THE GOODS UNDELIVERED.
Agent Hodgkiss had died during the winter, and Captain La Barge presented the receipts to the new agent, Rolette. The latter refused to deliver the goods except upon payment of the extortionate storage charge of two thousand dollars. He expected that this charge would cause Captain La Barge to refuse to take the goods. The sum, however, was tendered, whereupon the agent refused to deliver them except upon the prior surrender of Agent Hodgkiss’ receipts. Suspecting that a large part of the goods were missing, the Captain declined this condition, but offered to give a receipt for all goods he should take from the warehouse. Driven from every position, the agent openly avowed that he could not deliver all the goods, for he did not have them all. He stated that, under instructions from Commissioner Dole, transmitted through the Company, he had delivered a large portion of the goods to the Grosventres and many packages to other Indians. The delivery of the balance could, therefore, not be made except upon surrender of the receipts of the previous year. Captain La Barge asked to see the receipts of the Indians to whom the goods had been delivered. The agent had none, although it was an invariable rule to secure such receipts for all annuities delivered. The alleged order from Commissioner Dole was then called for, but that could not be produced, the agent stating that it came by messenger, who delivered it verbally.
“You acknowledge, then, that a large portion of these goods you have not got,” asked Captain La Barge.
“Yes,” replied the agent; “they have been delivered during the winter and have reached their proper destination.”
GOODS TRADED WITH THE INDIANS.
All these proceedings were witnessed by the officer, Captain Greer, whom Captain La Barge had taken the precaution to have present. From what Captain Greer had told him, and from the trader’s inability to account satisfactorily for the disposition of the goods, Captain La Barge became thoroughly convinced that they had been used in trade, and he very wisely declined to surrender his receipts.
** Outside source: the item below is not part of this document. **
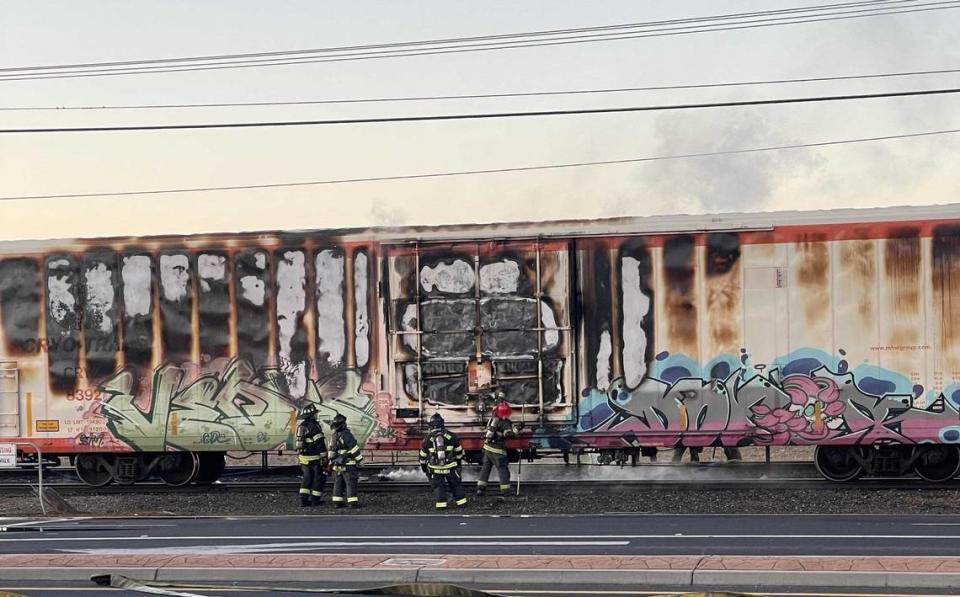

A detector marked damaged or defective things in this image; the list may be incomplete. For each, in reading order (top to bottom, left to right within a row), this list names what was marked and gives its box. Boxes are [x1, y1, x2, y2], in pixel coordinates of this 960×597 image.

As the trader would not give up the rest of the goods except upon a surrender of the receipts for all, the Captain went on his way without them.
UNPAID DEBT.
In the meanwhile Dr. Reed, who had been relieved as Agent of the Blackfoot tribes, went up on the American Fur Company boat Yellowstone to turn over his charge to the new agent, Mr. Gad E. Upson. Mr. Chouteau had received the contract for taking up the annuities for the year 1864. He took them only to Cow Island, where, for some reason, possibly low water, they were put on the shore and the boat turned back. Mr. Upson, who had gone down from Benton to Union early in the spring, went back on the Yellowstone with Mr. Reed. The boat, after unloading, turned back, and a day later met the Effie Deans. La Barge reported to Dr. Reed the facts as to the goods at Fort Union. Mr. Chouteau, who was on the Yellowstone, was called in and professed to disapprove of Rolette’s course, but did nothing to rectify it. So far as Captain La Barge knew at the time or ever learned afterward, this large quantity of Indian goods was traded out to the Indians by the so-called American Fur Company and constituted an unqualified theft from the government. The final outcome of the affair, so far as Captain La Barge was concerned, was a loss of nearly twenty thousand dollars.[62] He died a poor man, with the government in his debt by a sum that would have given ample comfort to his declining years.